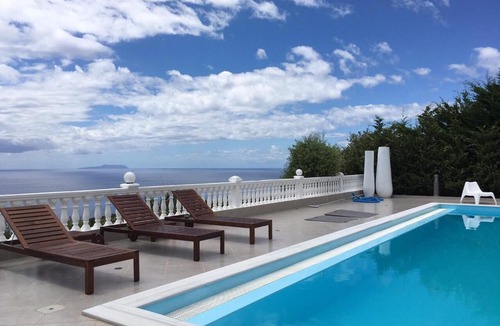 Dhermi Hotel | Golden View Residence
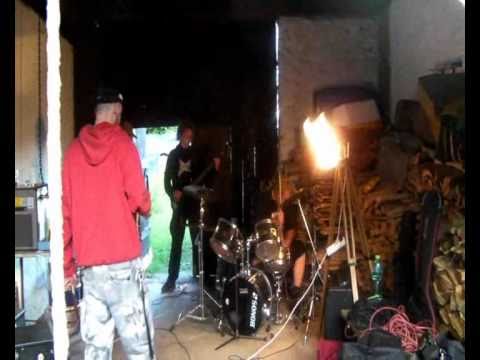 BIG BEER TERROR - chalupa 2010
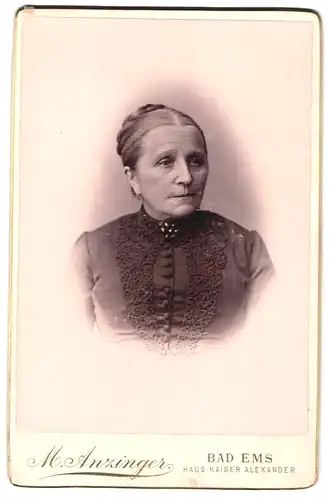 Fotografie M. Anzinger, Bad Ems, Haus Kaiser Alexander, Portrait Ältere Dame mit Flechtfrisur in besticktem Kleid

------

TRY IT: Leave the pictures out and return the rest of the listing exactly.

FINAL ANSWER:
 Dhermi Hotel | Golden View Residence
 BIG BEER TERROR - chalupa 2010
 Fotografie M. Anzinger, Bad Ems, Haus Kaiser Alexander, Portrait Ältere Dame mit Flechtfrisur in besticktem Kleid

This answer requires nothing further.